Now there’s a cure for that.

Over the past 5 years there has been a proliferation of online wine clubs.  While these are interesting in that they are shifting wine retail from brick and mortar to an online retailer, they are also shaking up how wines are being selected.

Algorithm based wine recommendations

I’ve recently written about how artificial intelligence (AI) is being used in the wine industry to help consumers choose a wine.  Some online wine clubs are following a similar vein, using algorithms to determine wine preferences based on a personal taste profile.
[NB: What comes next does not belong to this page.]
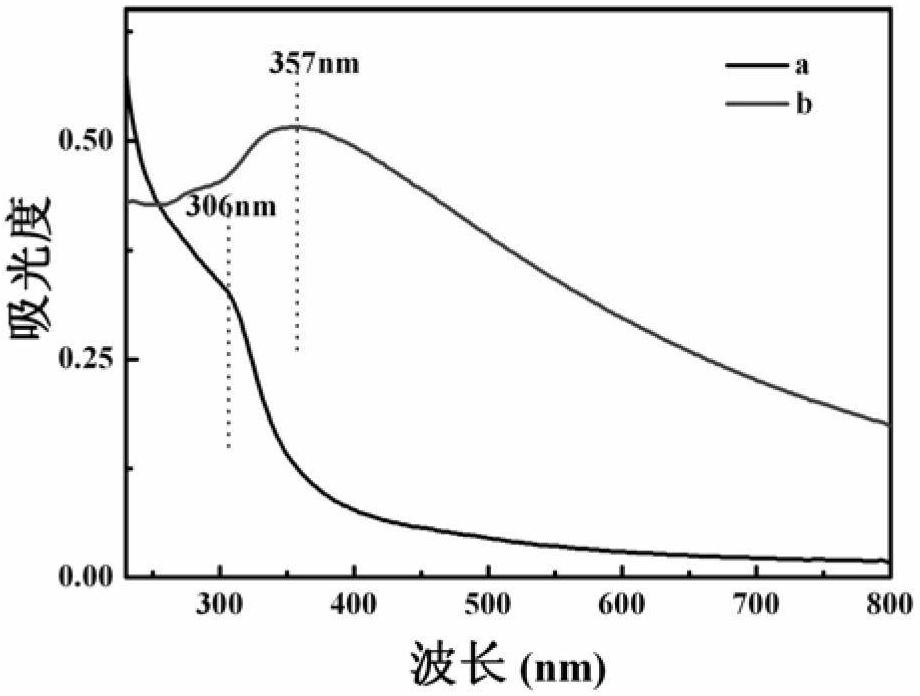 Zinc-doped indium oxide nano gas sensitive material and preparation method thereof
New members get started by taking a taste test, answering a few basic questions on their food likes and dislikes.  This data is taken and fed into an algorithm to produce personalized wine recommendations.  Members are sent the wines to try and also to rank–the more wines you test, the stronger the intelligence gets.

Online wine clubs have proliferated since they initially began appearing around 2010. Different clubs have different styles, some are more formal, others more educational, and some just more fun.

Winc, a Los Angeles based start-up founded in 2011, was one of the first online subscription based clubs offering personalized profiling.  The company initially launched as Club W but rebranded in 2016 as they shifted from being just an online marketplace to both sourcing and producing their wine. The company has raised $30.6 million from five funding rounds, the latest being a Series B round for $17.5 million in May 2016.

Tasting Room is another early market entrant, founded in 2009 and then acquired by Lot18, an online retailer of wine and epicurean products, in May 2013.  Unlike some other clubs, Tasting Room starts all new users off with a “tasting” of six custom mini-bottles selected based on your personal taste profile.  Lot 18 has had five funding rounds, generating $44.5 million, all of which was raised prior to the Tasting Room acquisition.

A newer market entrant is Bright Cellars, originally founded in Boston in 2014, but relocated to Madison Wisconsin to join a start-up accelerator.  Bright Cellars operates as a monthly subscription, with members receiving four custom selected bottles each month for a membership fee of $60.  The start-up raised $2 million in seed funding in August 2015.

Online wine clubs are shaking up the wine industry not only in moving retail from brick-and-mortar to online stores, but also in the types of wines being bought and their target audience.

Profile-based recommendations are giving consumers confidence to buy more obscure wines, including unknown varietal as well as small production wines that don’t get a lot of shelf space at traditional liquor stores, but are being featured in online wine clubs. Wineries are also using the taste profile information gathered through these clubs to help tailor wines to consumer preferences, helping to make the wines more commercially successful.

These wine clubs are helping to transform the market of wine drinkers from a smaller affluent group to a broader market, particularly focused on millennials.  By making wine and wine knowledge more accessible, these clubs are removing barriers that have held many back.